A total of 16 dogs were enrolled in the preclinical trial. The dogs were divided into two groups. One group of 6 dogs was treated intravenously with cyclophosphamide alone at a dose of 7 mg/kg of body weight, in four treatments on days 2, 9, 22, and 29. In the 10 other dogs, 20 Cell-in-a-Box® capsules containing the cyclophosphamide-activating cells were implanted at 5 sites around their tumors on day 0 (two days before administration of the first dose of cyclophosphamide) and then cyclophosphamide was administered in the same regimen as the other 6 dogs. Three of the 10 dogs treated with the encapsulated cells/cyclophosphamide combination had two tumors as did one dog treated with cyclophosphamide alone.
As in the pancreatic cancer clinical trials in humans, the capsules and the cells within them were well tolerated – no “safety” issues were seen in the dogs that could be related to the presence of the capsules or to their implantation over the entire 56-day observation period. Although mild side effects from the use of cyclophosphamide were observed in both groups of dogs, these were no more severe than those seen when this drug is used alone to treat mammary cancer in canines.
The final evaluation of the effect of the treatments on tumor size were graded as follows: Complete remission (CR), Partial remission (PR) – regression of the tumor by at least 50% of the initial tumor mass, Stable disease (SD) – regression of the initial tumor mass by less than 50% or its enlargement by less than 25%, Progression of disease (PD) – increase in initial tumor mass of at least 25% or the occurrence of new tumors.

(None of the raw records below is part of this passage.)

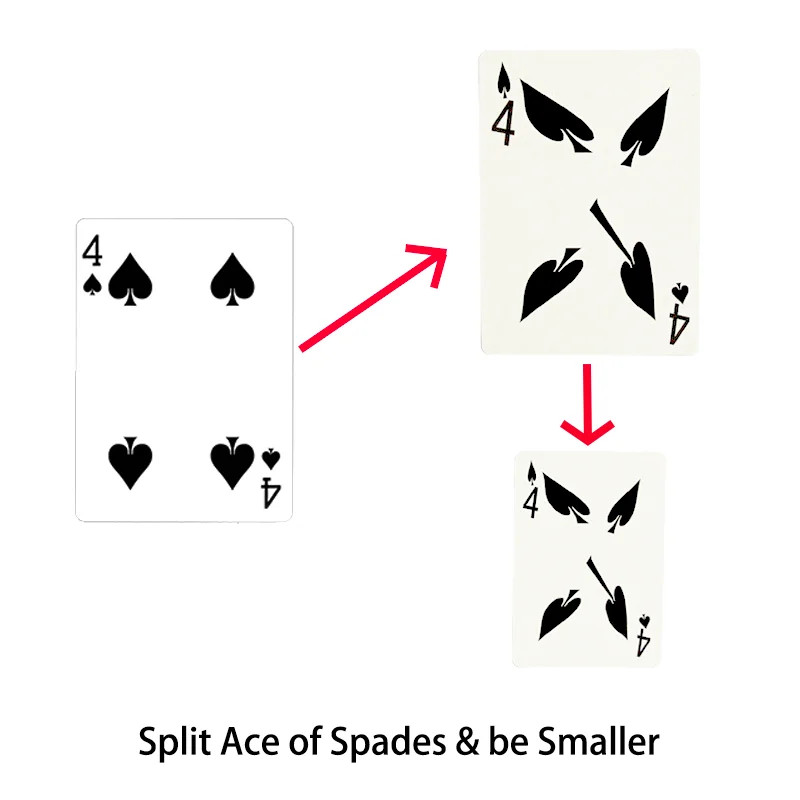 Split Ace Of Picche Magic Tricks Card Sparge Card Be Small Magic Toys Puntelli Close Up Street Illusion Gimmick Mentalism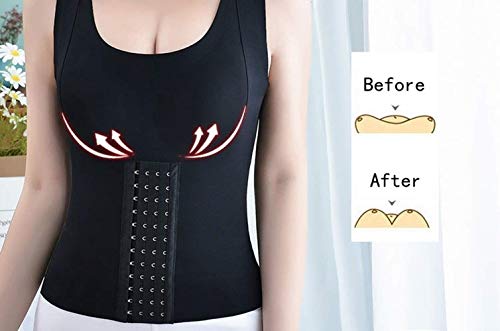 Sujetador Corrector de Postura Cierre Frontal Sujetadores Fitness Chaleco Sujetador Ropa Interior Cruzada Espalda Camisetas sin Mangas (Black,L)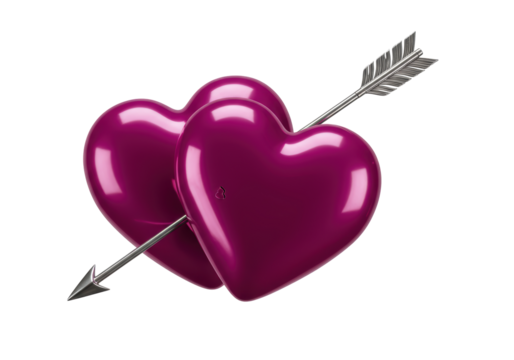 Isolated Shiny Magenta Hearts Pierced with Cupid's Arrow for Valentine's Day Art - Powered by Adobe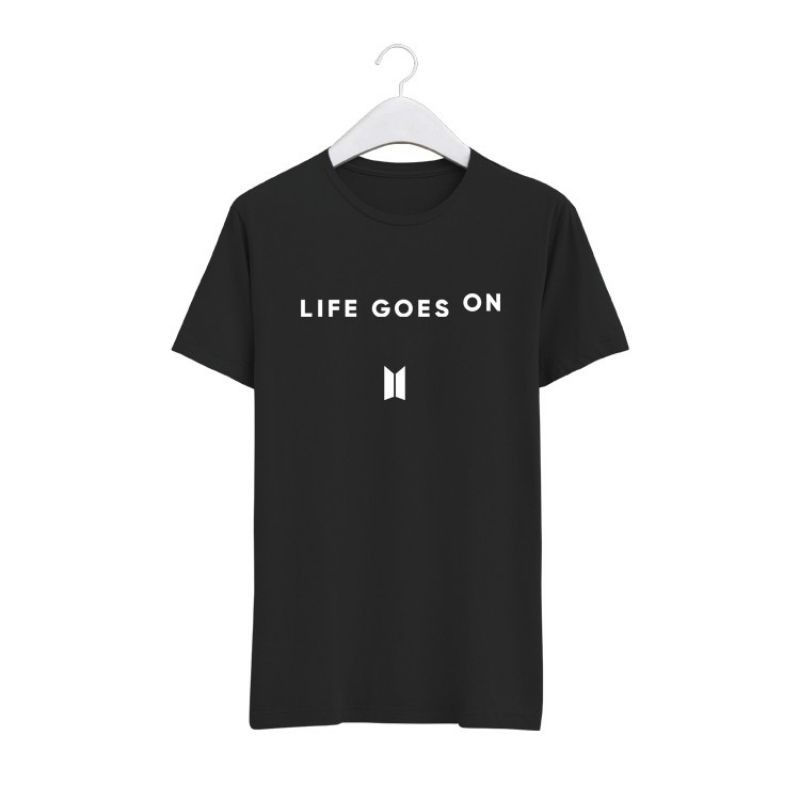 Kaos T-Shirt BTS LIFE GOES ON + Logo BTS Free Foto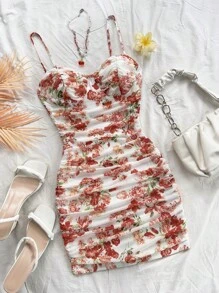 Soleia WYWH Dames Vakantie Gerimpelde Mesh Rozenprint Spaghettiband Mini Zomerjurk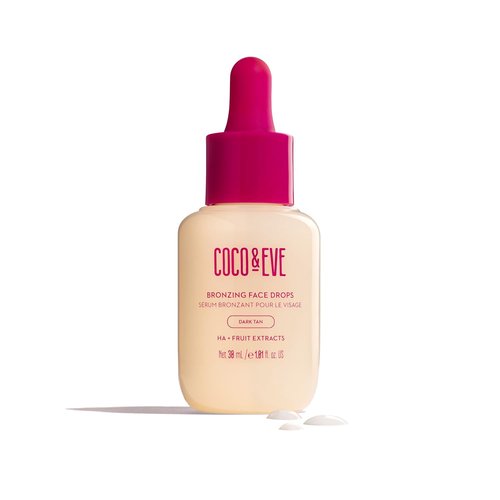 Coco & Eve Self Tanning Drops - Dark Gradual Face Tanner with Hyaluronic Acid for a Natural Glow | 1 Fl Oz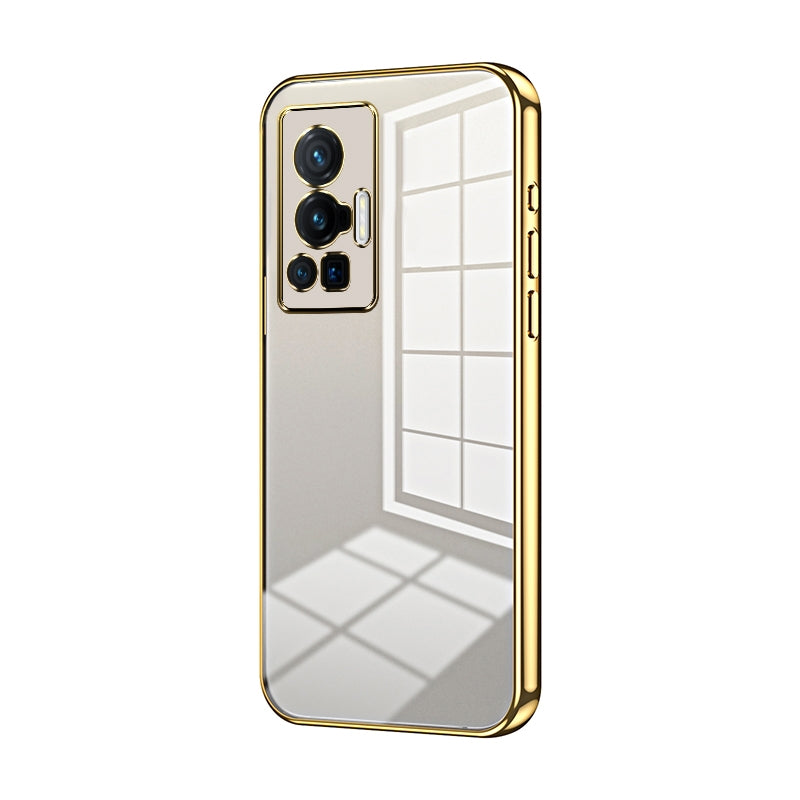 vivo X70 Pro Transparent Fine Hole Phone Case - Crystal Clear Vacuum Plating, Anti-Fingerprint, Shock-Absorbing TPU Frame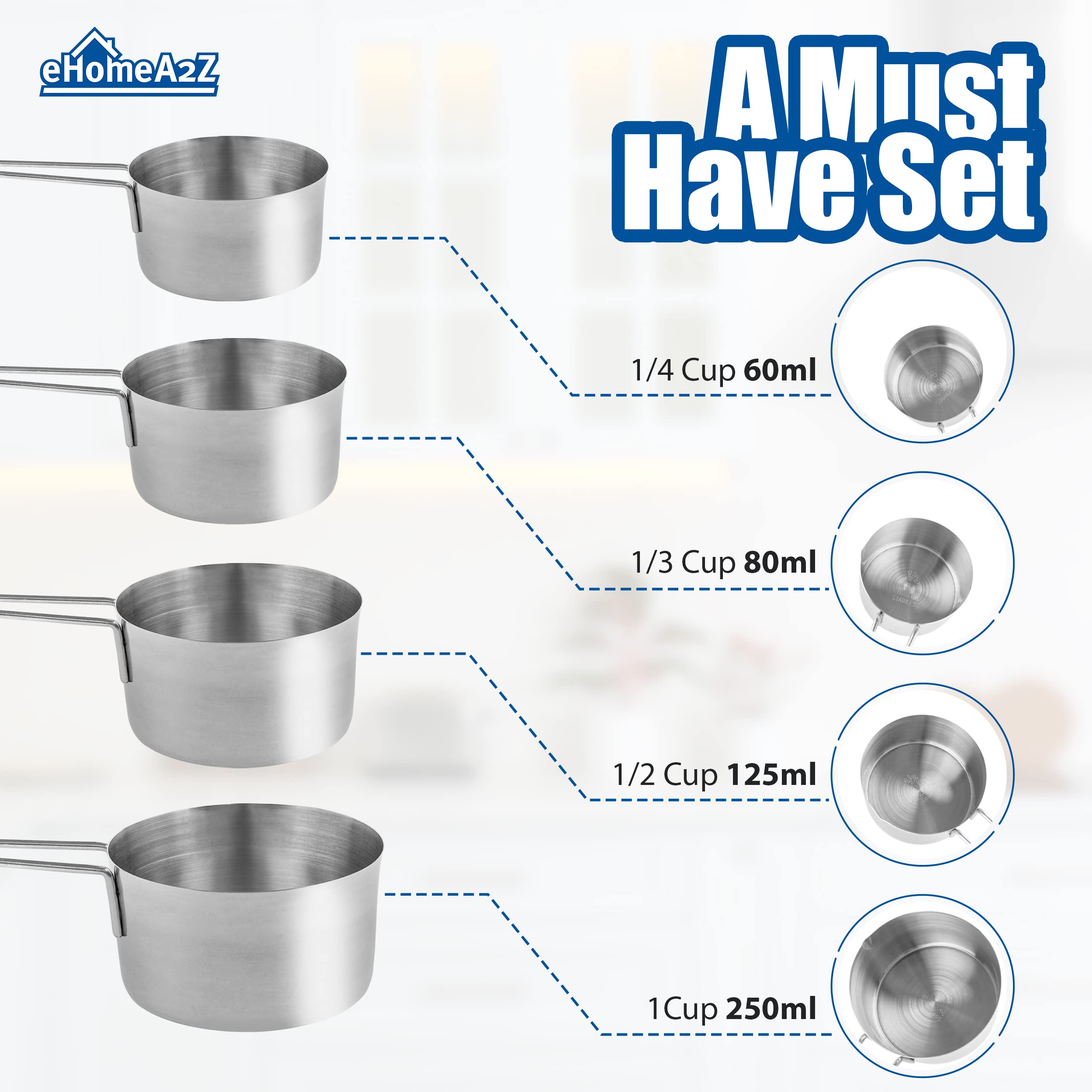 Juego de 4 tazas medidoras de acero inoxidable, 4 piezas de metal para utensilios de cocina líquidos secos (1 juego de 4 piezas)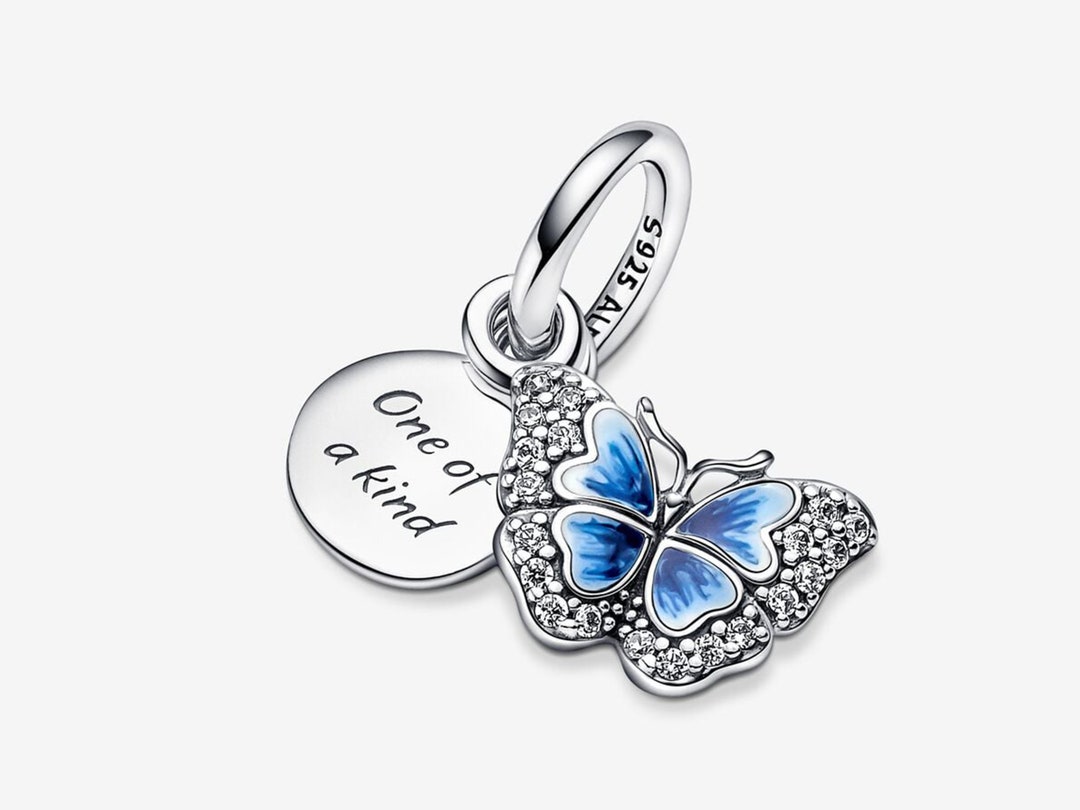 Blue Butterfly Dreams Pandora Double Dangle Charm Etsy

Six of the 11 tumors treated with the encapsulated cells/cyclophosphamide combination showed a PR while the other 5 showed SD. Of the 7 tumors in the 6 dogs that received cyclophosphamide alone, 6 tumors showed SD and the other exhibited PD. The median tumor size reduction of the tumors in dogs treated with the combination was 53%. This is in contrast with only a 21% reduction of the size of the tumors in the dogs treated with cyclophosphamide alone.
For one of the dogs with two tumors in the combination-treated group, both tumors showed a similar reduction in size (65% and 62%). In a second dog with two tumors in this group, one tumor that received the combination treatment was reduced in size by 70% while the other tumor, which was exposed to cyclophosphamide alone, was reduced in size by only 14%. The tumors in dogs that were administered cyclophosphamide alone were reduced in size by only about 19%.
The results of this study indicate that the combination of the Cell-in-a-Box® cellulose-based live-cell encapsulation and cyclophosphamide may prove to be of significant benefit not only for the treatment of mammary cancers in the veterinary setting, but also may ultimately find a role in the treatment of breast cancer in humans by optimizing the cancer-killing activity of cyclophosphamide when that drug is used for breast cancer







 

Live Cell Encapsulation Technology

 
The Cell-in-a-Box® live cell encapsulation technology employed by PharmaCyte is a “platform” upon which treatments for different diseases may be built.  This technology encloses live cells in protective “capsules” about the size of the head of a pin. The capsules are designed to allow blood to enter and nourish the living cells inside them. The live cells thrive while the capsules are in the body. But the capsules are also designed to protect the live cells from attack by the body’s immune system. The live cells are too large to escape from the capsules, and the body’s immune system cells are too large to enter the capsules and destroy them. PharmaCyte is using this technology to develop unique therapies for various forms of cancer and for Type 1 diabetes and insulin dependent Type 2 diabetes.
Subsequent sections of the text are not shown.